● Work item
Starting with the line with "Multi-function Foldable Pants" in the entries below and going on through the line with "71 Reed Street", output every line exactly and nothing more. No pictures.

● Data supplied

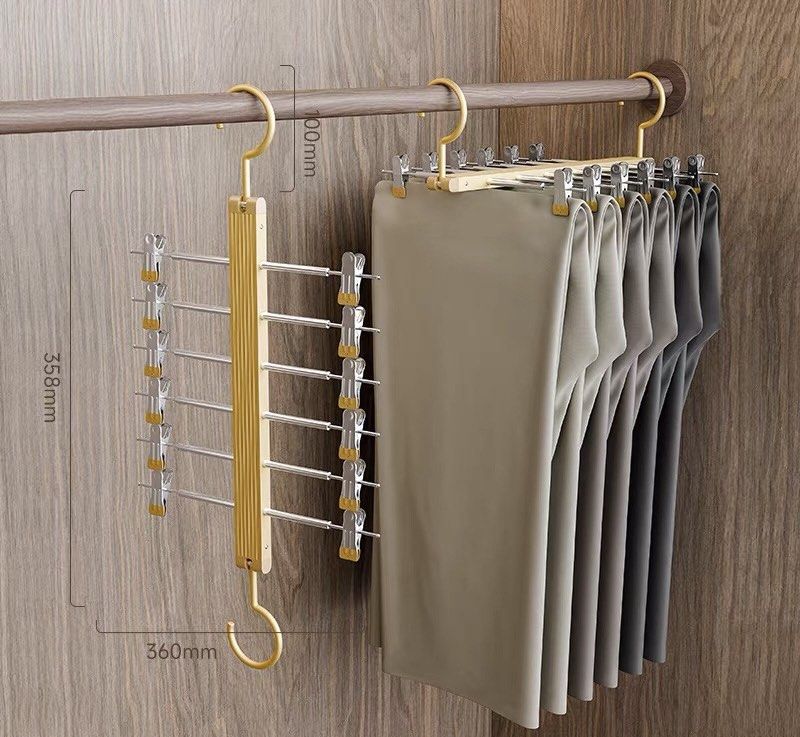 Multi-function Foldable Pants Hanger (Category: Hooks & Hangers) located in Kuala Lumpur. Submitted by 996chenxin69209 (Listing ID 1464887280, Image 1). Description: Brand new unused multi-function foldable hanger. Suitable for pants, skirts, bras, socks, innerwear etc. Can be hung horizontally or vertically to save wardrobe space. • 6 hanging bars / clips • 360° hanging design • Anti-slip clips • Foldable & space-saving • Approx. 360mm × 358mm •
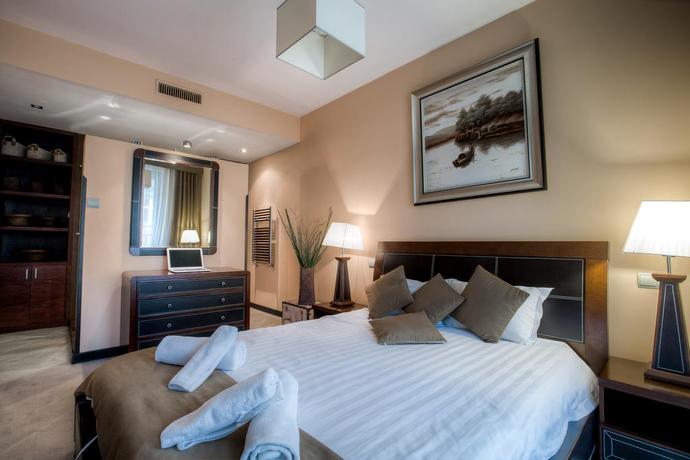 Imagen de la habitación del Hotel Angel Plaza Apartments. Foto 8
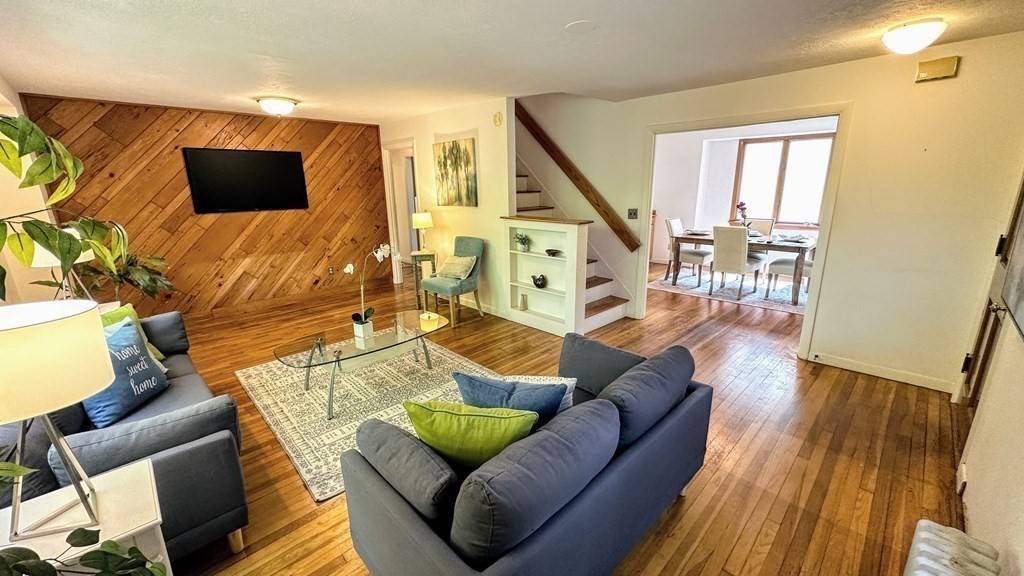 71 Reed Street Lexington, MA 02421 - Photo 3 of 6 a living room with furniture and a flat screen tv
==
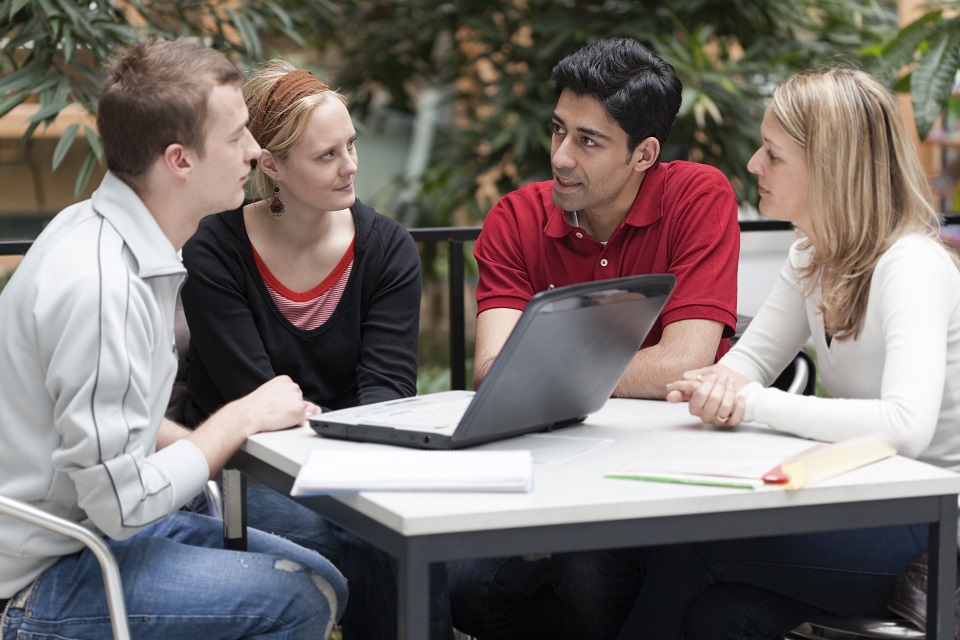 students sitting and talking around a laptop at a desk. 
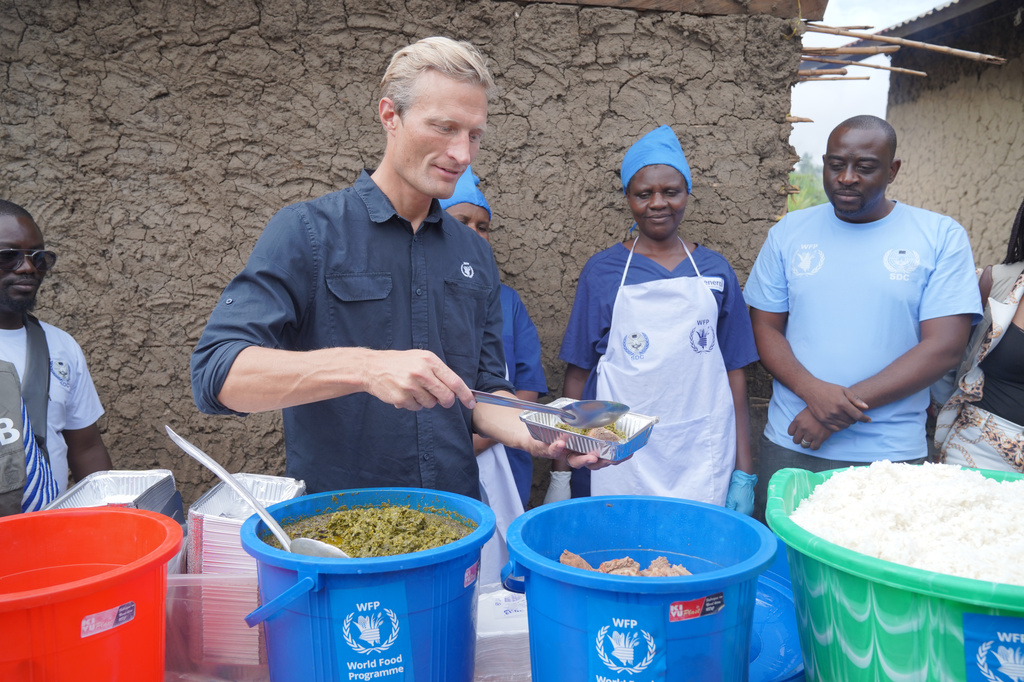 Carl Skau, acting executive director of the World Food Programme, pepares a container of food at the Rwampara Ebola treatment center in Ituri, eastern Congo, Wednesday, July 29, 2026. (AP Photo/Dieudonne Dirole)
==
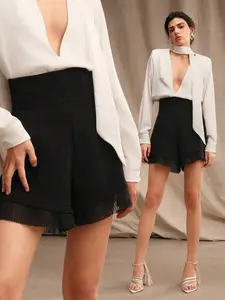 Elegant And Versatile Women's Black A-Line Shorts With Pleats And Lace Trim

● Task response
 Multi-function Foldable Pants Hanger (Category: Hooks & Hangers) located in Kuala Lumpur. Submitted by 996chenxin69209 (Listing ID 1464887280, Image 1). Description: Brand new unused multi-function foldable hanger. Suitable for pants, skirts, bras, socks, innerwear etc. Can be hung horizontally or vertically to save wardrobe space. • 6 hanging bars / clips • 360° hanging design • Anti-slip clips • Foldable & space-saving • Approx. 360mm × 358mm •
 Imagen de la habitación del Hotel Angel Plaza Apartments. Foto 8
 71 Reed Street Lexington, MA 02421 - Photo 3 of 6 a living room with furniture and a flat screen tv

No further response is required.